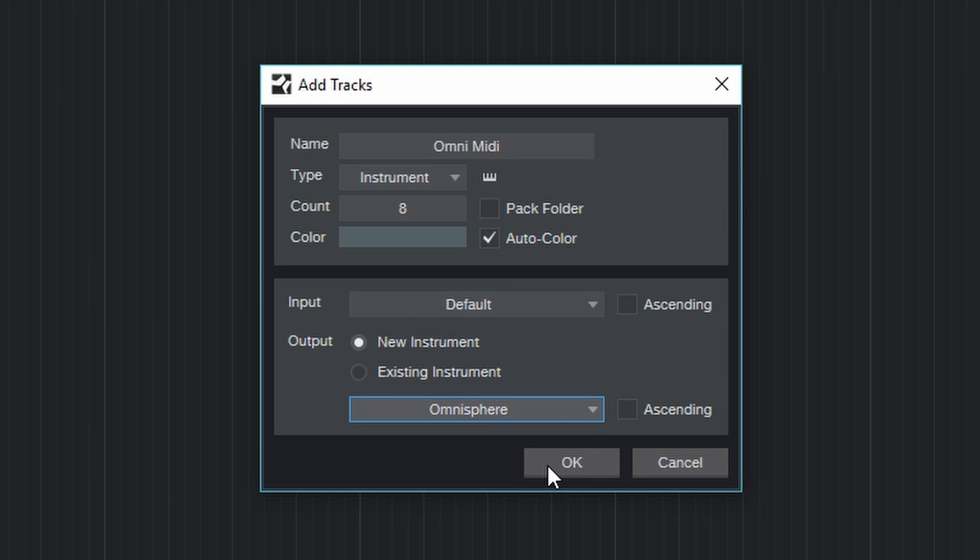Now if I would press OK now, the tracks would all be set to MIDI channel 1, which we don't want, because we want to set them to MIDI channels 1 through 8.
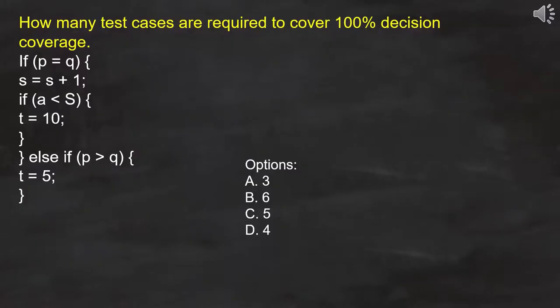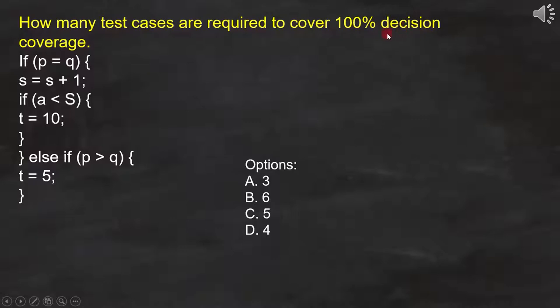In this question, we have to find how many test cases are needed to achieve 100% decision coverage, and these options are provided.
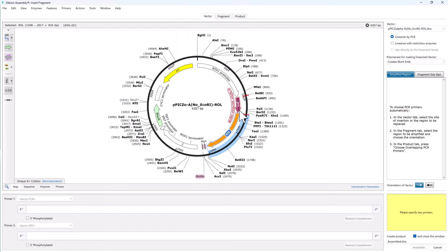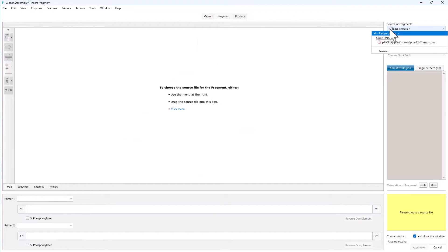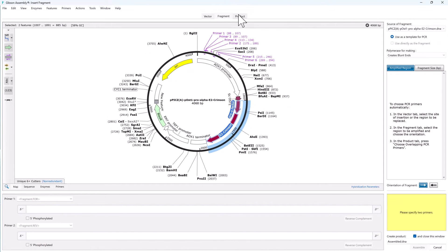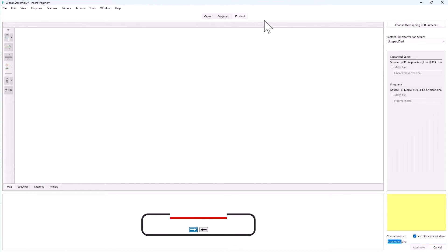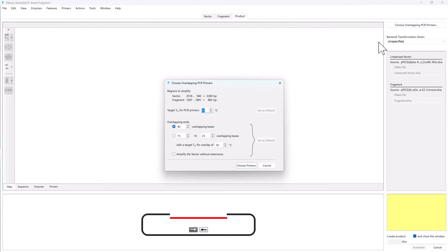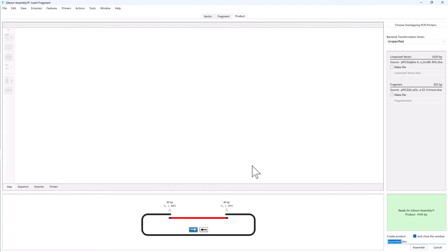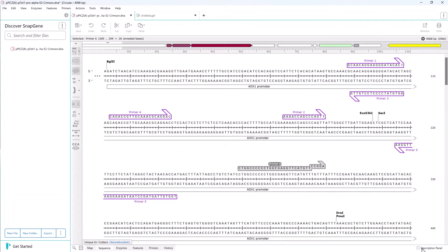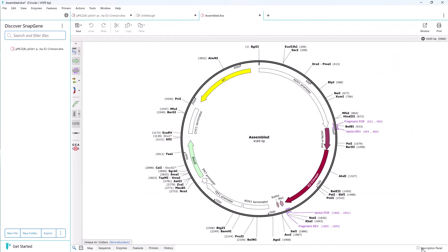Then select the insert sequence and define the region for assembly. In the product tab, have SnapGene design the primers required to create overlaps. Click assemble and that's it. We have our predicted Gibson assembly construct.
___
**WHAT NEEDS TO BE DONE**:
Apart from the images, reproduce the listing exactly as it appears.

**SOLUTION TO THIS PROBLEM**:
Now if I would press OK now, the tracks would all be set to MIDI channel 1, which we don't want, because we want to set them to MIDI channels 1 through 8.
In this question, we have to find how many test cases are needed to achieve 100% decision coverage, and these options are provided.
Then select the insert sequence and define the region for assembly. In the product tab, have SnapGene design the primers required to create overlaps. Click assemble and that's it. We have our predicted Gibson assembly construct.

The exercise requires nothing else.